Personal information
- Date of birth: 11 November 1995 (age 30)
- Place of birth: Barrouallie, Saint Vincent and the Grenadines
- Height: 1.73 m (5 ft 8 in)
- Position: Centre forward

Team information
- Current team: Las Vegas Lights
- Number: 25

Senior career*
- Years: Team / Apps / (Gls)
- 2013–2015: System 3 FC
- 2014–2015: → Grenades FC (loan) / 18 / (12)
- 2015: Seattle Sounders FC 2 / 16 / (4)
- 2016: Seattle Sounders FC / 15 / (0)
- 2016: → Seattle Sounders FC 2 (loan) / 2 / (1)
- 2019–2020: System 3 FC
- 2020–2021: Richmond Kickers / 30 / (5)
- 2022–2025: North Carolina FC / 106 / (41)
- 2026–: Las Vegas Lights / 12 / (5)

International career^{‡}
- 2014–: Saint Vincent and the Grenadines / 56 / (29)

= Oalex Anderson =

Vincentian footballer (born 1995)

Oalex Anderson (born 11 November 1995) is a Vincentian professional footballer who plays for Las Vegas Lights FC in USL Championship and the Saint Vincent and the Grenadines national team. Anderson is known by the nickname "Bounty" for his prolific goal scoring.

==Club career==
Anderson has played for System 3 FC of the NLA Premier League, the top tier of football in Saint Vincent and the Grenadines. Anderson was the league's top scorer for the 2013/2014 season. In September 2014, System 3 loaned Anderson to Grenades FC of the Antigua and Barbuda Premier Division, along with national teammate Kevin Francis, on 6-month deals. Only days later, Anderson scored his first goal for the club on 27 September 2014 in a 6–3 league victory over Old Road FC on his league debut. During his time with the club, Anderson appeared in 18 matches, finishing second in the league with 12 goals.

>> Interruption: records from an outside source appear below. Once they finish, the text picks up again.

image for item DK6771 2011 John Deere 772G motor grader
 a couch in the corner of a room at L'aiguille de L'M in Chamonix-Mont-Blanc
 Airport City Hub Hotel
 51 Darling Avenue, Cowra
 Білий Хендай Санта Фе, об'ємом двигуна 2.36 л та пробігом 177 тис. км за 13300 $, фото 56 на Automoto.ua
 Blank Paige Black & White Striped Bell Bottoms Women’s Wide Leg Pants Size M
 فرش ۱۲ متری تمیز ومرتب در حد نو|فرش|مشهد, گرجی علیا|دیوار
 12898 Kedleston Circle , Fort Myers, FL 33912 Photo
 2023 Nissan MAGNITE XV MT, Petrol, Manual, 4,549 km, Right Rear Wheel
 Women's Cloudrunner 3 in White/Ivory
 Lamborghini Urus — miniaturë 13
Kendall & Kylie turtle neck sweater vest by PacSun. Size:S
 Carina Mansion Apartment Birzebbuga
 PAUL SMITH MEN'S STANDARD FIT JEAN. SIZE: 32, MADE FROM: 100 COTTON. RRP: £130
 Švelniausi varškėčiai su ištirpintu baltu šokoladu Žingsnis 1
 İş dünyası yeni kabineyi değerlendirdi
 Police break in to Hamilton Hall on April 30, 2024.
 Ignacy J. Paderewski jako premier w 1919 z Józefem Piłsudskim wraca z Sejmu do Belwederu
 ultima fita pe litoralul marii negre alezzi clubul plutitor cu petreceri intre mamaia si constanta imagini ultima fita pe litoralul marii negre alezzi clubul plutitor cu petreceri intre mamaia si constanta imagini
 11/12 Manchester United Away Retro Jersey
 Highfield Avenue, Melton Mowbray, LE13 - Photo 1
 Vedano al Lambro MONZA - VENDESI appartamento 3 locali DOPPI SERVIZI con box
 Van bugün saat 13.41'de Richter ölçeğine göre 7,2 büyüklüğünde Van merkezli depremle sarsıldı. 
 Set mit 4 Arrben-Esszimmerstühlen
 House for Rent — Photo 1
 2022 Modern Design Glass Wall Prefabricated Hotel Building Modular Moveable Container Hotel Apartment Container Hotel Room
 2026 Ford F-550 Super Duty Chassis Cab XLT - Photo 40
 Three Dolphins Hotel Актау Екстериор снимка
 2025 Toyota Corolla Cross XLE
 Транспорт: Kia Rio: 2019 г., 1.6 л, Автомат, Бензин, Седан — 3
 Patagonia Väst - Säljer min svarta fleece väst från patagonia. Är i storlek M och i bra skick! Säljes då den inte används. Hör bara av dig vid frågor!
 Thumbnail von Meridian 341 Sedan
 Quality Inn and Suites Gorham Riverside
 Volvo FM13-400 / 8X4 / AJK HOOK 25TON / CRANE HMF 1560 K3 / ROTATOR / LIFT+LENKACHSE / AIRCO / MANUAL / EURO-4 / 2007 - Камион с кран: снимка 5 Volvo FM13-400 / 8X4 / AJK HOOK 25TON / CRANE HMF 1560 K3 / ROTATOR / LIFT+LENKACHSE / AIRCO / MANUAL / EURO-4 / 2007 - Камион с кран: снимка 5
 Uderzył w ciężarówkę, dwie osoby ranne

Anderson joined USL club Seattle Sounders FC 2, of which fellow Vincentian Ezra Hendrickson was coach, in March 2015. He made his debut for the club on 11 April 2015, in a 2–1 victory over Portland Timbers 2 as an 82nd-minute substitute for Aaron Kovar. The score was tied 1–1 as he made his entrance but minutes later, he was taken down in the box for a penalty which Pablo Rossi converted to give S2 the victory. Anderson scored his first goal for the club on 15 May 2015, the game-winner of a 3–1 victory over Oklahoma City Energy. On 12 July 2015, Anderson scored his first brace for the club before being carted off with an injury in the 30th minute as Sounders 2 beat Arizona United, 4–0. Anderson's 2nd-minute first goal was, at that point, the fastest goal in club history. For his efforts, Anderson was named to the USL's Team of the Week.

On 4 December 2015, it was announced that Anderson would return to S2 for the 2016 USL season, along with international teammate Myron Samuel. It was announced on 1 March 2016 that Anderson had been signed by the Seattle Sounders FC of Major League Soccer. That year the club won its first MLS Cup. Following the 2016 season, it was announced that the club would not extend Anderson's contract.

After a four year gaps because of a serious injury, Anderson signed with the Richmond Kickers on August 31, 2020.

Anderson signed with North Carolina FC on 18 January 2022. During the 2023 season, Anderson finished as the team's top goal scorer with 17 goals en route to victory in the 2023 USL League One Final. On 26 October 2024, Anderson became the club's all-time top goal scorer after scoring the winning goal against Las Vegas Lights FC, helping his team clinch a spot in the 2024 USL Championship playoffs in the process.

On 4 March 2026, Las Vegas Lights announced they had signed Anderson to a contract for the 2026 USL Championship season.

==International career==
Anderson made his international debut on 2 February 2014 in a friendly against Dominica. After a strong start to his international career, Anderson was named to the squad for the 2014 Windward Islands Tournament and 2014 Caribbean Cup qualification. Anderson went on to score two goals during the Windwards Islands Tournament and five during Caribbean Cup qualification before SVG were eliminated, making him ranked among the top goal scorers during qualification.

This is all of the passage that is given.